*PROBLEM*
Where an image appears, leave it out; otherwise repeat the data exactly.

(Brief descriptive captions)
>>
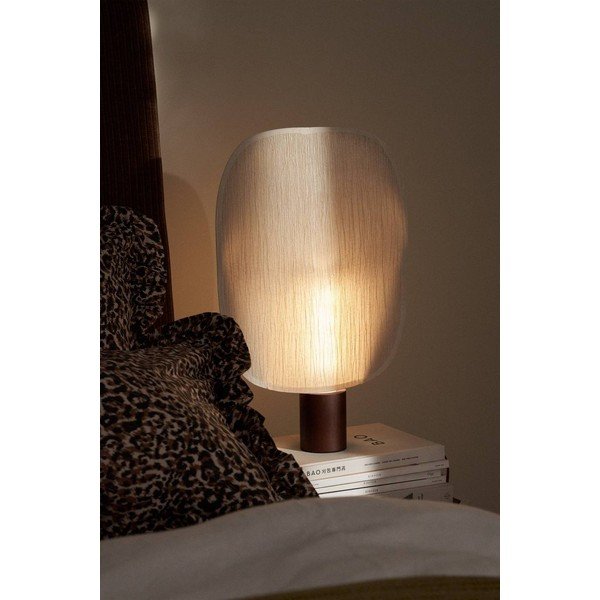 Hnedá/krémovobiela papierová stolová lampa (výška  44 cm) Mai Le – Ellos Home-image-1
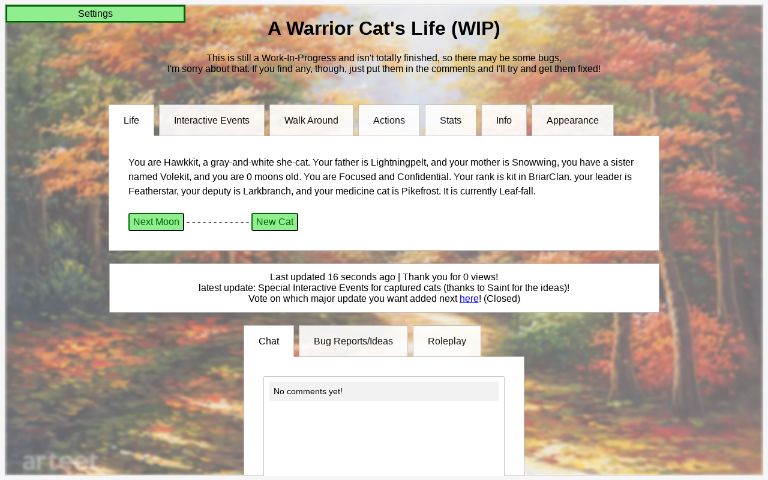 I made a warrior cat generator! Comment what you get! : r/thedawnpatrol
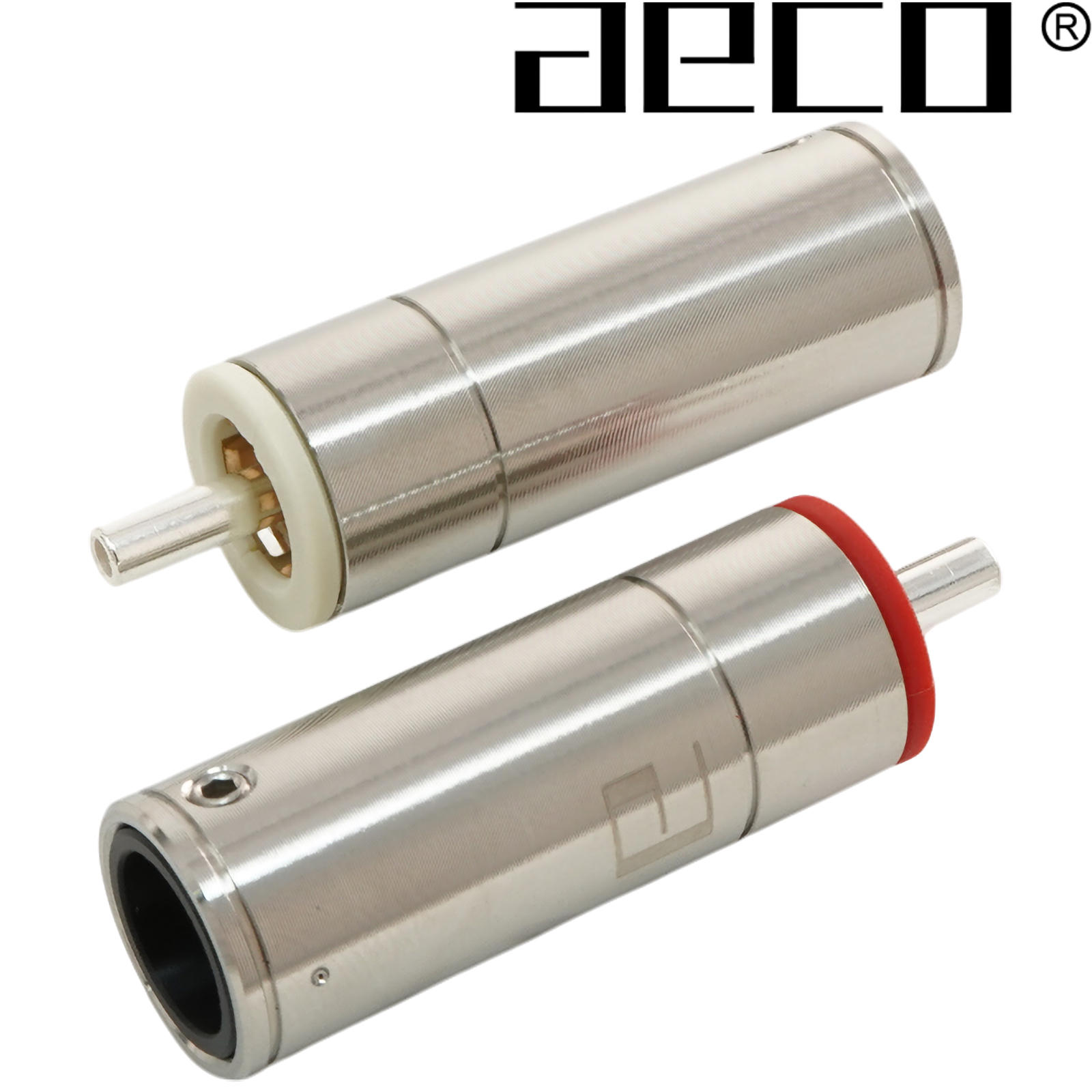 ARP-1512S: AECO RCA Plugs, Tellurium Copper, Silver-plated (2 pairs)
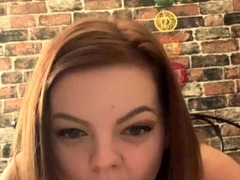 Pretty redhead webcam masturbation show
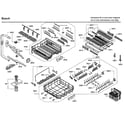 Bosch SHV9PT53UC/98 baskets diagram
<<
*ANSWER SECTION*
 Hnedá/krémovobiela papierová stolová lampa (výška  44 cm) Mai Le – Ellos Home-image-1
 I made a warrior cat generator! Comment what you get! : r/thedawnpatrol
 ARP-1512S: AECO RCA Plugs, Tellurium Copper, Silver-plated (2 pairs)
 Pretty redhead webcam masturbation show
 Bosch SHV9PT53UC/98 baskets diagram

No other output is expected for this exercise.